**Work item**
Every line from the opening of the records to the line with "John Wooden Quote" should be restated exactly, with both ends included and the pictures left out.

★ ★ ★ ★ ★

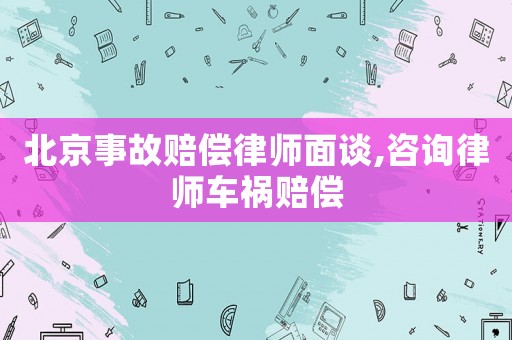 北京事故賠償律師面談,咨詢律師車禍賠償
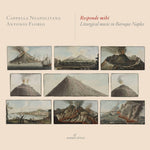 the album cover for Fago / Turchini / Florio - Responde Mihi - Liturgical Music in Baroque Naples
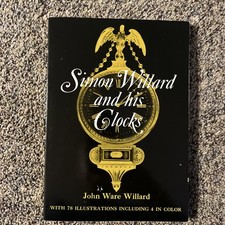 Vintage 1968 SIMON WILLARD and his CLOCK Book John Ware ILLUSTRATED picture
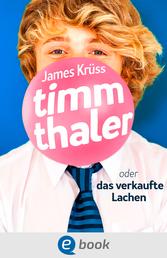 Timm Thaler oder Das verkaufte Lachen - Unvergesslicher, fantastischer Kinderbuch-Klassiker über einen teuflischen Pakt und den Preis des Erfolgs für Kinder ab 10 Jahren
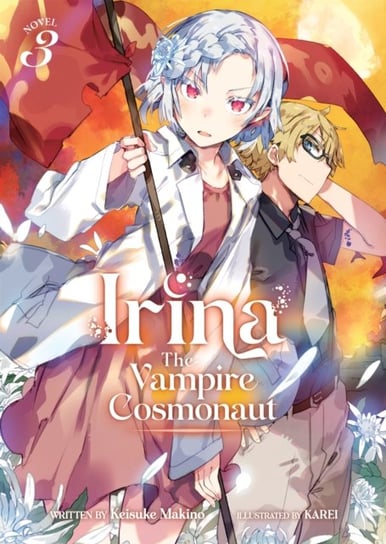 Irina: The Vampire Cosmonaut (Light Novel) Vol. 3 Keisuke Makino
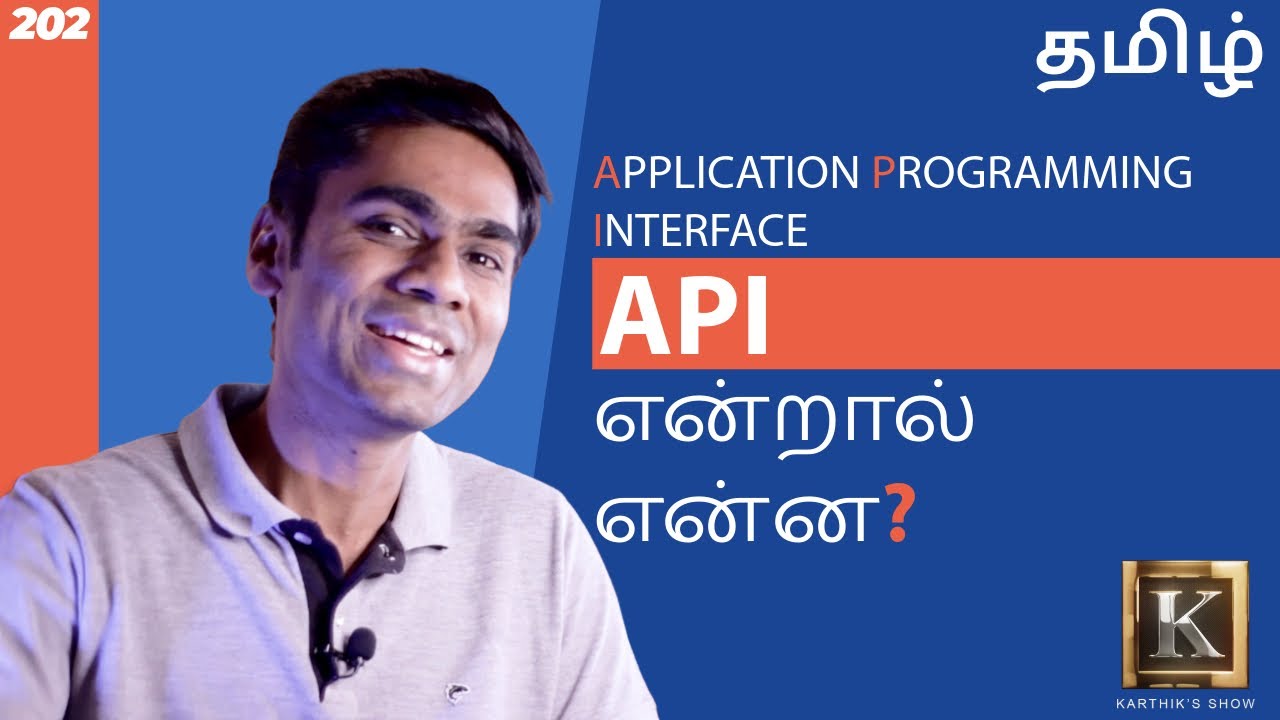 API Explained for Beginners in Tamil | Karthik's Show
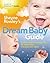 Sheyne Rowley's Dream Baby Guide by Sheyne Rowley
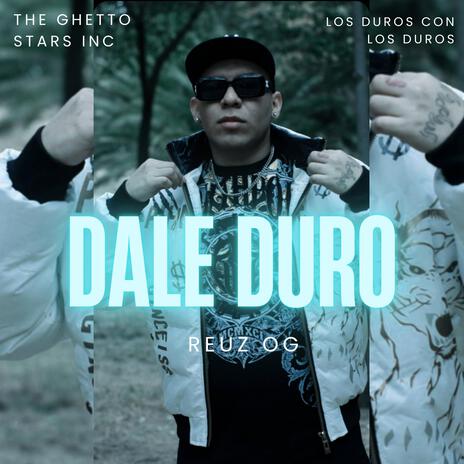 DALE DURO | Boomplay Music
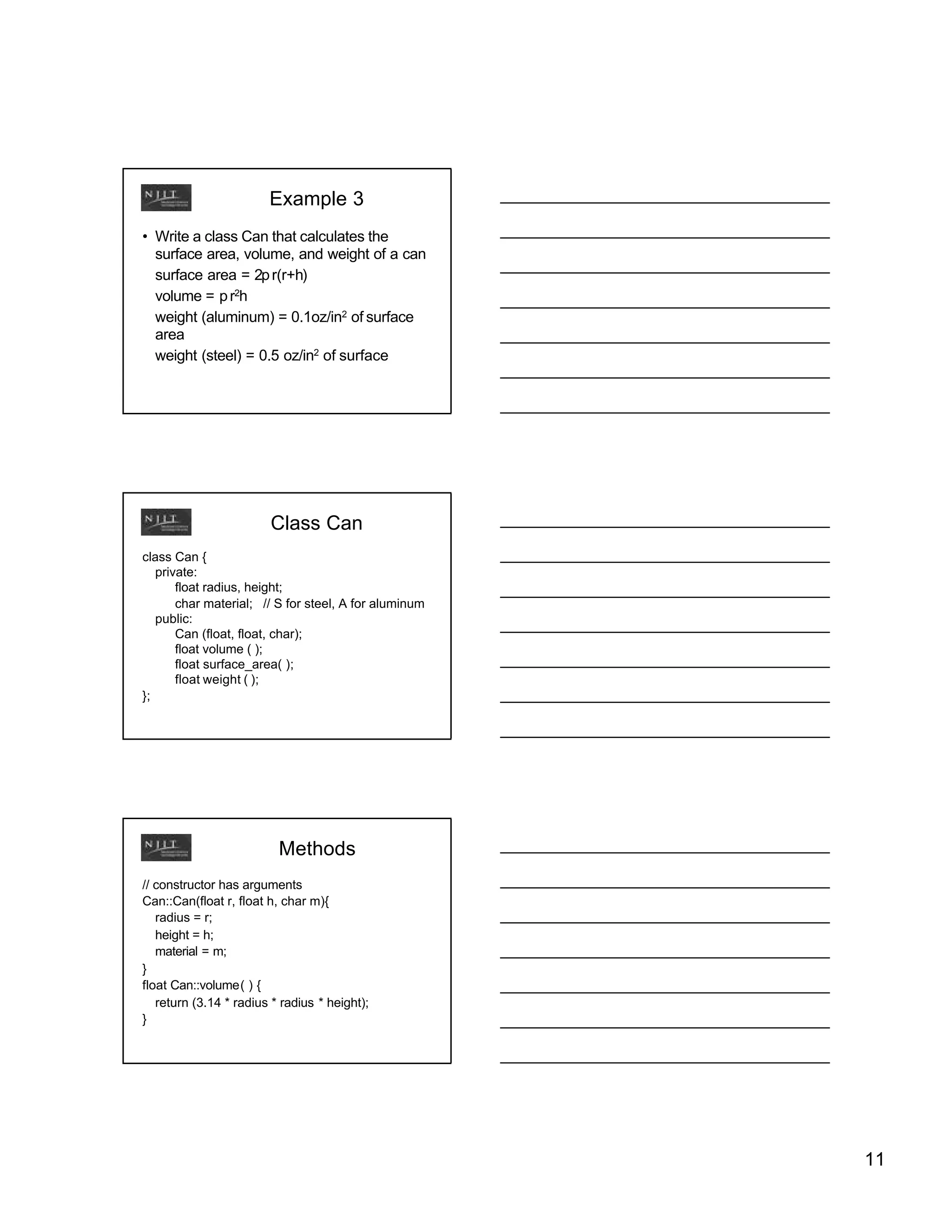 Example 3
• Write a class Can that calculates the
  surface area, volume, and weight of a can
  surface area = 2p r(r+h)
  volume = p r2h
  weight (aluminum) = 0.1oz/in2 of surface
  area
  weight (steel) = 0.5 oz/in2 of surface




                        Class Can
class Can {
   private:
       float radius, height;
       char material; // S for steel, A for aluminum
   public:
       Can (float, float, char);
       float volume ( );
       float surface_area( );
       float weight ( );
};




                          Methods
// constructor has arguments
Can::Can(float r, float h, char m){
   radius = r;
   height = h;
   material = m;
}
float Can::volume( ) {
   return (3.14 * radius * radius * height);
}




                                                       11
 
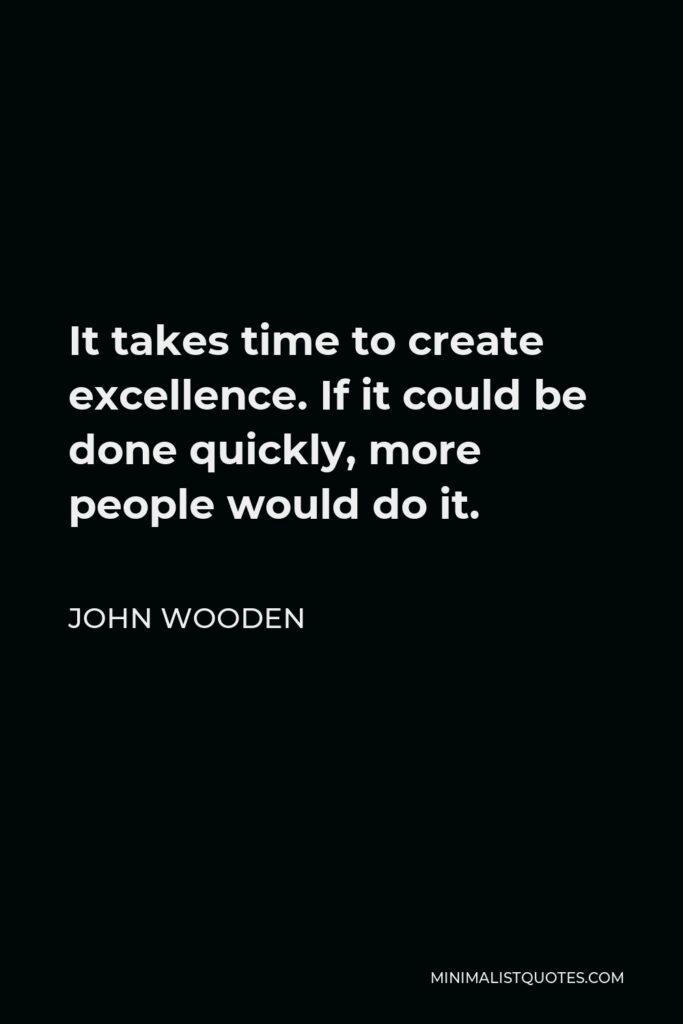 John Wooden Quote - It takes time to create excellence. If it could be done quickly, more people would do it.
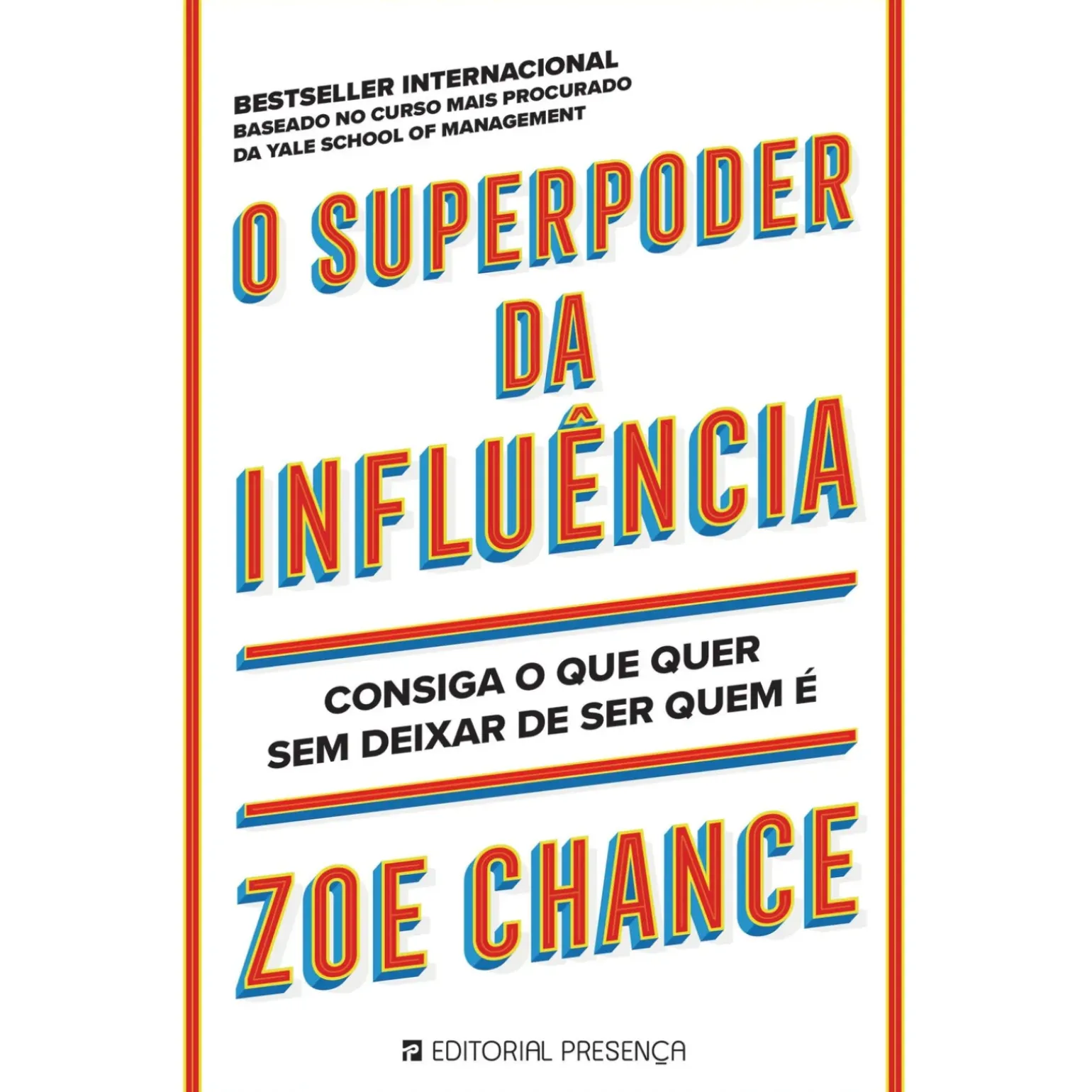 O Superpoder da Influência de Zoe Chance - Consiga o que Quer sem Deixar de Ser Quem é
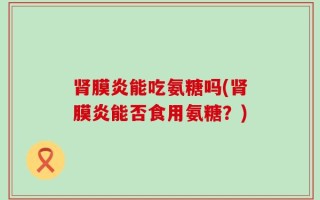 肾膜炎能吃氨糖吗(肾膜炎能否食用氨糖？)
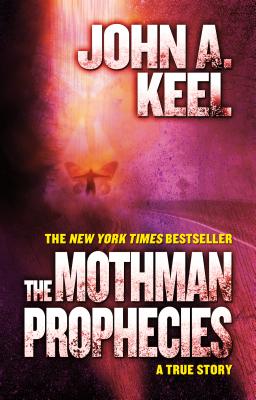 The Mothman Prophecies: A True Story - John A. Keel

★ ★ ★ ★ ★

**Response for this exercise**
 北京事故賠償律師面談,咨詢律師車禍賠償
 the album cover for Fago / Turchini / Florio - Responde Mihi - Liturgical Music in Baroque Naples
 Vintage 1968 SIMON WILLARD and his CLOCK Book John Ware ILLUSTRATED picture
 Timm Thaler oder Das verkaufte Lachen - Unvergesslicher, fantastischer Kinderbuch-Klassiker über einen teuflischen Pakt und den Preis des Erfolgs für Kinder ab 10 Jahren
 Irina: The Vampire Cosmonaut (Light Novel) Vol. 3 Keisuke Makino
 API Explained for Beginners in Tamil | Karthik's Show
 Sheyne Rowley's Dream Baby Guide by Sheyne Rowley
 DALE DURO | Boomplay Music
 Example 3
• Write a class Can that calculates the
  surface area, volume, and weight of a can
  surface area = 2p r(r+h)
  volume = p r2h
  weight (aluminum) = 0.1oz/in2 of surface
  area
  weight (steel) = 0.5 oz/in2 of surface




                        Class Can
class Can {
   private:
       float radius, height;
       char material; // S for steel, A for aluminum
   public:
       Can (float, float, char);
       float volume ( );
       float surface_area( );
       float weight ( );
};




                          Methods
// constructor has arguments
Can::Can(float r, float h, char m){
   radius = r;
   height = h;
   material = m;
}
float Can::volume( ) {
   return (3.14 * radius * radius * height);
}




                                                       11
 
 John Wooden Quote - It takes time to create excellence. If it could be done quickly, more people would do it.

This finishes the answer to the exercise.